The first residents were aristocrats and statesmen's families; in the 20th century they were joined by artists and actors.

  • № 1 Sir Thomas Edwards-Moss, banker (1872–90)
  • № 2 Lord St John of Fawsley
  • № 3 Alexander Grant Dallas, Canadian politician (1872–5)
  • № 4 Etheldred, Dowager Countess of Hopetoun (1873–84); Viscount Tiverton (1918)
  • № 5 Albert George Sandeman, port-wine importer, Bank of England director (1872–79); Moubray St John, 19th Baron St John of Bletso, soldier and politician
  • № 6 William Brett, 1st Viscount Esher, judge (1870–99); Charles James Jackson businessman and collector.
  • № 7 Richard Seaman, formula one Racing car driver and parent Wm J. Beattie-Seaman, 1930s
  • № 9 Sir John Brunner MP, industrialist
  • № 10 Samuel Whitbread MP, (1873–99)
  • № 11 Charles Morgan Norwood, merchant and ship-owner (1890–91; Walter Long, 1st Viscount Long, statesman
  • № 13 Arthur Godley, 1st Baron Kilbracken; Thomas Jex-Blake, headmaster of Rugby School
  • № 14 Vere Fane Benett-Stanford, MP for Shaftesbury (1876–90)
  • № 15 Lieut.-Col. Edward Henry Clive Grenadier Guards (1875–87)

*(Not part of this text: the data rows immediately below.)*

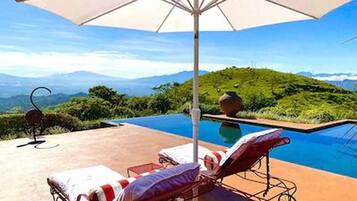 Área da piscina com espreguiçadeiras, um guarda-sol e vista para as montanhas.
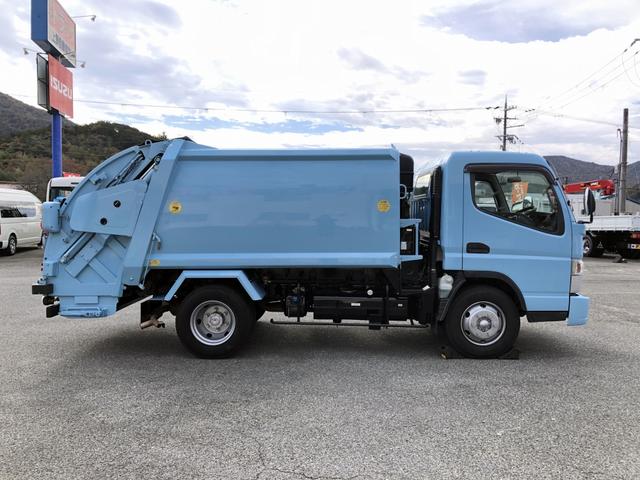 キャンター 　プレス式パッカー　５．９ｍ３　極東開発工業製　プレスパック　連続積込　汚水タンク付　リヤシャッター式扉　３０５０ｋｇ積載　ワイド幅　１１尺ミドル（38枚目）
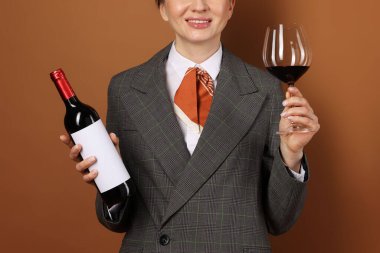 Kahverengi arka planda cam ve şarap şişesi olan profesyonel şarap garsonu.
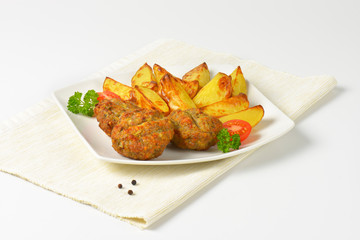 dish of vegetable and cheese patties with potato wedges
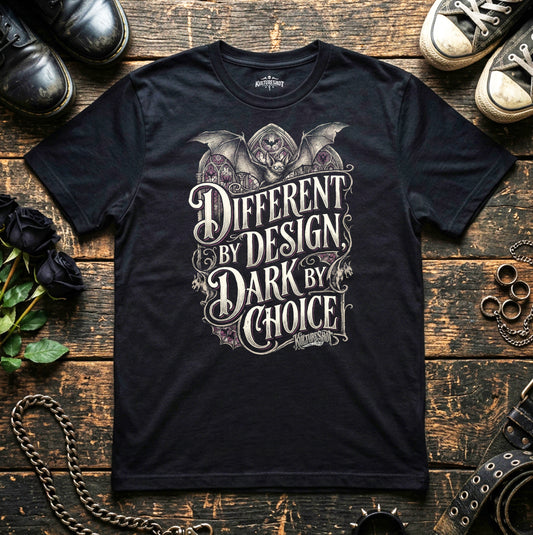 Black t-shirt with graphic design and text on a wooden surface with shoes and accessories.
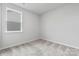 Relaxing bedroom with soft carpet, a window providing natural light, and a neutral color scheme at 1133 Hallman Branch Ln, Lincolnton, NC 28092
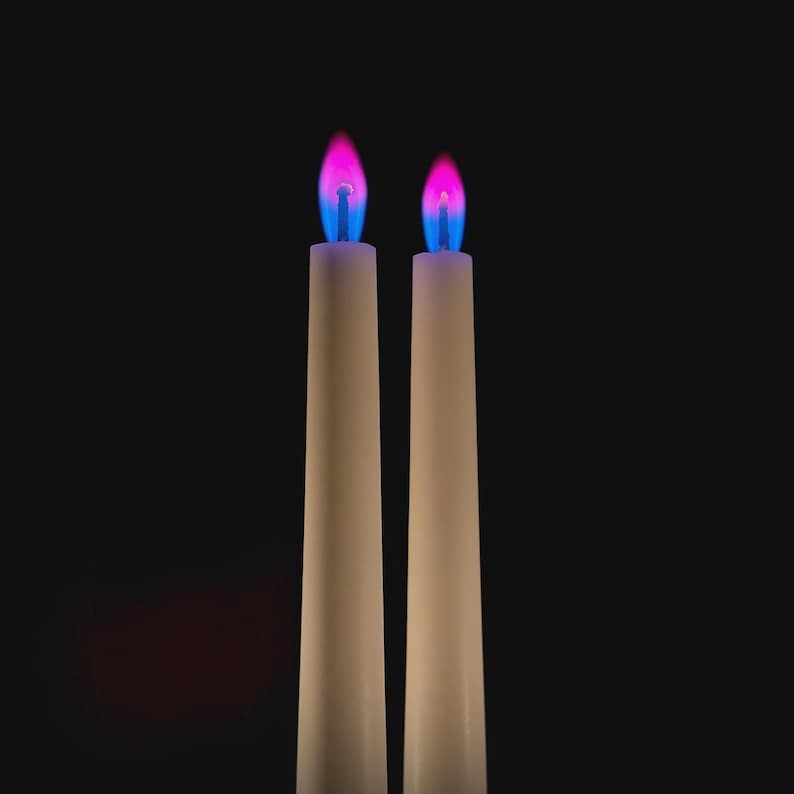 Close-up of romantic pink flame candles producing vivid pink flames, handmade for science fans, witches, and love manifestation.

  • № 16 Vaughan Hanning Vaughan-Lee, MP (1875–81)
  • № 18 Victor Bruce, 9th Earl of Elgin; Sir Granville Ryrie, High Commissioner for Australia (1927–1932)
  • № 19 Michael Biddulph, 1st Baron Biddulph, MP, banker, (1877–1915)
  • № 20 Frederick DuCane Godman, zoologist (1875–82); Sir Edward Davson, 1st Baronet, chairman of the British Empire Producers' Organization; Brigadier-General Charles Woodroffe, military secretary to Edward VIII
  • № 21 John Bazley White MP (1889–90); William George Ainslie MP.
  • № 22 Frederick Campbell, 3rd Earl Cawdor (1878–91); Herbert Plumer, 1st Viscount Plumer, British Army field marshal
  • № 23 the 10th Countess of Winchilsea and Nottingham (as Dowager (widow)) (1877–90)
  • № 27 Emile G. Levita, great-great grandfather of David Cameron (1873–1908)
  • № 28 Ralph Creyke, MP (1873–84)
  • № 29 Admiral Lord Hood; Sir Peter Bark, Russian statesman; Arthur O'Neill Ulster Unionist MP, whose son Terence O'Neill, 4th Prime Minister of Northern Ireland, was born there in 1914
  • № 30 Sir Robert Hay, golfer (1873–84); Alfred Emmott, 1st Baron Emmott, politician and cotton-spinner; Charles Gray, actor.
  • № 32 Henry Yates Thompson, proprietor of the Pall Mall Gazette, collector of illuminated manuscripts (1873–77)
  • № 34 Charles Allanson-Winn, 3rd Baron Headley (1873–77); Ava Gardner; Jack Hawkins, actor.
  • № 35 Sir Walter Armstrong, art historian (1873–6); Sir Edward Durand, colonial administrator
  • № 37 Sir John Hardy Thursby, High Sheriff of Lancashire
  • № 42 William James Thompson, tea broker
  • № 46 The Honourable Clarence Tan, socialite, landowner and current President of the New Zealand Society UK.
  • № 50 William George Campbell, lawyer and mental health commissioner
  • № 61 John MacGregor PP (Glasgow)
  • № 68 Gavin Campbell, 1st Marquess of Breadalbane (1908–1922); Moura Budberg, literary hostess.
  • № 69 Edith Summerskill, Baroness Summerskill, politician and writer.